Ricky produced a tin of snuff and wedged a
bit into his mouth. He gauged the distance to his tarnished brass
cuspidor with a practiced eye. It hunkered on the floor, its faded
brass surrounded by juice stained floor panels.

“I'm glad it was somebody like you that took
the old Morgan place,” he commented. “I'da hated to see it go to
rack and ruin like so many of the fine old homes around here. A lot
of history in that old place. You can turn it into a real showplace
if you're of a mind to. If you need some help with the
carpenterin', Phillip Anderson is a plus man. If you can get him to
let you in his house to do some hirin', that is.”

“I wouldn't think someone who depends on
service work for a living to be standoffish,” 'Scilla said.

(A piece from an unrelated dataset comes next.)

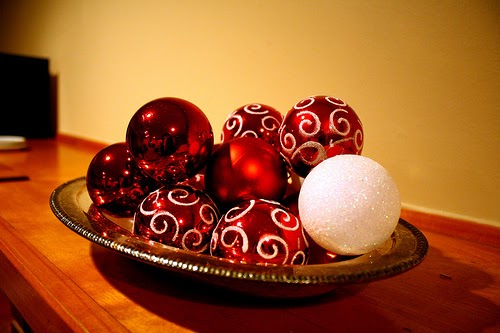 Decorate For The Holiday Low Cost Christmas Table Centerpiece Ideas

“Oh, he's far from standoffish. Most likely
he doesn't want you to see those chintz curtains, lavender sheets,
and good shoes in his house. I'll give you directions when you
leave.”

Ricky spat a thin stream of brown juice at
his cuspidor where it plopped home with a ding. 'Scilla looked
helplessly at Lisa, who simply shrugged.

“Me and Willie Morgan went back more than
seventy years before he passed over last year. House has been empty
for all that time, until you bought it. He was a fair plumber, no
doubt, and a better than par 'coon hunter, but-not to speak ill of
the dead-his brain always seemed to be in a perpetual state of
brown out.”

“An oddball,” 'Scilla asked.

“Not always,” Ricky answered. “Everybody's
best reckoning was it was the fire that pushed him off the deep
end.”

“The fire?”

“Back in '28, it was,” Ricky said. “The fire
started in the old furniture factory. We had no FD to speak of and
the only water pumps around were hand pumps on the wells. The whole
town turned out in a fucked up Chinese fire drill, hauling slop
buckets and milk buckets full of water, but I think we might have
done just as much good by pissing on it. The whole town burned
flat, except for three buildings. The furniture factory where the
damn thing started, Willie Morgan's house, and the place you're
sittin' right now. And if it hadn't been for Willie almost killing
himself, I might not be alive today.”

“How is that?”

“At that time there was nothing but woodland
all around except for these two houses and that little dirt road
that was closer to a horse trail back then. My dad had gone off to
town, helping with the main fire. He had left me at home to get the
animals out of the barn just in case the fire did spread up this
way.

“The smoke came up the valley, thick with
burning green wood and sickening with that turpentine smell of
burning pine. I could hear the cows bawling and the horses banging
in their stalls, trying to kick them down. I went out to let 'em
have their head and their eyes were all white, rolling around in
fright, their mouths foaming and their flanks soaked in fear sweat.
I remember that, but not much more. The animals stampeded out of
the barn, running at me, legs flying and hooves pounding dust up
all around. I covered my head and tried to get out of the way,
making my way toward the door with the horses shrieking and cows
bawling. I made it out into the sunshine that even then was
starting to darken. 'Twasn't thirty seconds later that the smoke
had put me out. It was God's own mercy that I passed out face first
and got down beneath the worst of the smoke.”